The Fifth Circuit’s balancing test was derived largely from Hochstadt, in which the court discussed at length the interests and rights of both the employee and employer. The court in Hochstadt recognized that while an employee has a right to express his opposition to unlawful employment practices, “an employee does not enjoy immunity from discharge for misconduct merely by claiming that at all times she was” merely “opposing” discriminatory practices. 545 F.2d at 230. On the one hand, the court wrote, an employer’s “[m]anagement prerogatives ... are to be left undisturbed to the greatest extent possible (so that) [ijnternal affairs of employers ... must not be interfered with except to the limited extent that correction is required in discrimination practices.” Id. (quoting Additional views on H.R. 7152, U.S.Code Cong. & Admin. News, p. 2516) (88th Cong., 2d Sess., 1964). “ ‘On the other hand, [Title VII] clearly does protect an employee against discharge for filing complaints in good faith before federal and state agencies and for registering grievances through channels appropriate in the particular employment setting.’ ” Id. at 230-31. “It is less clear,” the court wrote, “to what extent militant self-help activity falling between these two poles, such as particular types of on-the-job opposition to alleged discrimination, vociferousness, expressions of hostility to an employer or superior and the like, are protected.” Id.

The court concluded that in the end, in determining whether an employee’s conduct went “too far,” courts must apply a rule of reason, taking into consideration both the purpose of the Act to protect persons reasonably engaging in opposition activity and the employer’s interests and “management prerogatives.” Id.; id. at 232 (“[I]n determining whether conduct is protected opposition, a court must balance the setting in which the activity arises and the interests and motivations of both employer and employee.”); see also Rollins, 868 F.2d at 401 (“[T]o qualify for the protection of the statute, the manner in which an employee expresses her opposition to an allegedly discriminatory employment practice must be reasonable. This determination of reasonableness is made on a case by case basis by balancing the purpose of the statute and the need to protect individuals asserting their rights thereunder against an employer’s legitimate demands for loyalty, cooperation and a generally productive work environment.”).

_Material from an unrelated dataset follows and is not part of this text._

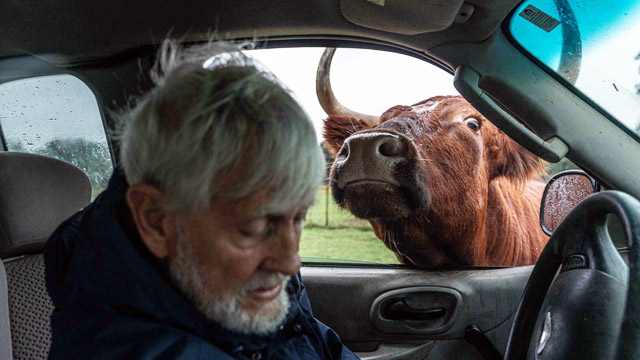 A Promise of Paradise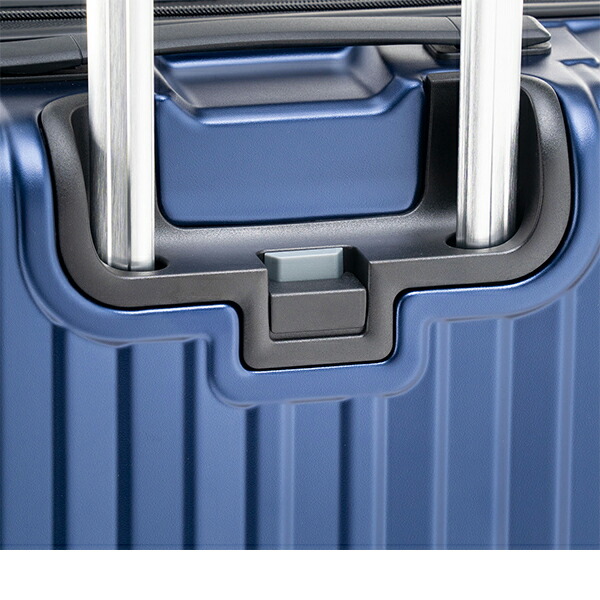 楽天市場】＼店内クーポン大量配布中／ 【10年保証】アジアラゲージ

As an example of a case in which this type of balancing had occurred, the court in Hochstadt cited EEOC v. Kallir, Philips, Ross, Inc., 401 F.Supp. 66 (S.D.N.Y.1975), in which the plaintiff was discharged for discreetly obtaining from a customer of her employer a written description of her job which had been requested by the New York City Commission on Human Rights during its investigation of the employee’s charge of sex discrimination. In holding that the employee’s activity was protected, the court had noted that her action in soliciting the information had no effect on her employer’s relationship with its customer, and that the employee not only had a legitimate purpose for obtaining this information as she needed it to pursue her claim but that her actions were circumspect (she asked the customer’s employee from whom she sought the information because she had filed charges to keep her claim confidential). Kallir, Philips, Ross, Inc., 401 F.Supp. at 72.

Another case cited by the court in Ho-chstadt was similar to this one in that the employer admitted that its decision to discharge the employee was based in part on her frequent complaints of underpayment. In Ammons v. Zia Co., 448 F.2d 117 (10th Cir.1971), the discharged employee had a long history of complaining that her low salary was based on her sex. While this was a factor in the discharge decision, the employer denied that the underlying allegation of sex discrimination influenced its decision. The appellate court declined to disturb the district court’s finding that “(p)laintiff was discharged because of a series of incidents, not related to her sex... .’’Id. at 121.

In the court’s opinion, Blackhawk has established beyond dispute that Burns was discharged, not simply because he complained that he was not being properly compensated for overtime hours, which he had done for years, but because of the unreasonable manner in which he complained. In a nutshell, there came a point when he went “too far.”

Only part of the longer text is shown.